Buddha, so you need to listen to your teacher, meditate on his teachings and

study a lot!

4 comments:

  1. I'm not sure SGI is the only ones who describe Buddha as Life - from "The Tradition of Nichiren Doctrine" by Rev. Tetsujo Kubota, p. 15-16:
    "Further, the law of the Lotus Flower of the Sublime Dharma is the unchanging law which has existed in all its fullness from the beginningles beginning, the beginningless Most Distant Past. In other words, we may call it the Life of the Universe or the Original Buddha of the Most Distant Past."

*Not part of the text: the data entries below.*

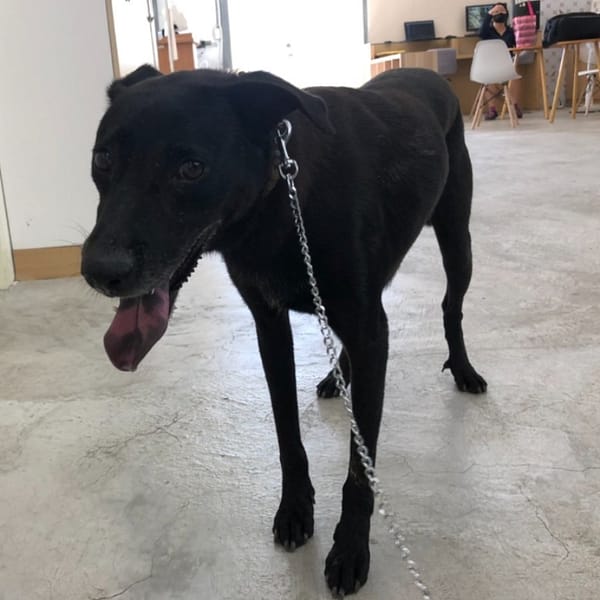 【待認養】混種犬 狗 (女生) - 臺北市動物之家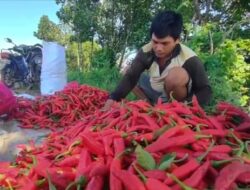 Atasi Harga Cabai Anjlok, Pemkab Brebes Bakal Kirim Hasil Panen ke Luar Daerah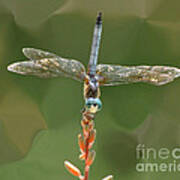 Liquify Dragonfly Art Print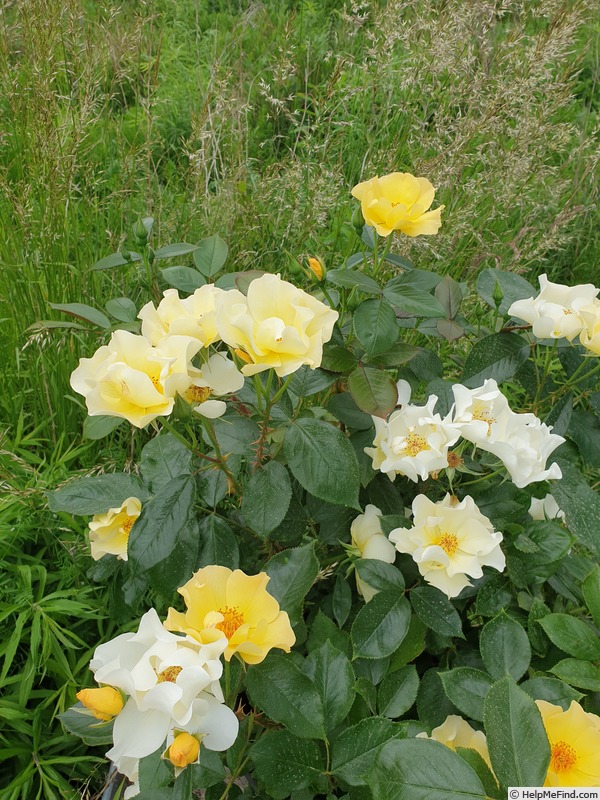 'Butter & Eggs ®' rose photo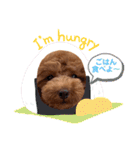 使える可愛いトイプードル♡ ロージーTV ③（個別スタンプ：28）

    I have no interest in your critique of SGI doctrines, but I do have an interest in seeing Nichiren understood correctly. The short treatment you give to SGI's teachings, and comparing them to a caricature of Hongaku (Original Enlightenment) thought does neither of those subjects justice, nor ultimately illuminate why either of these are not acceptable interpretations of Buddha Dharma.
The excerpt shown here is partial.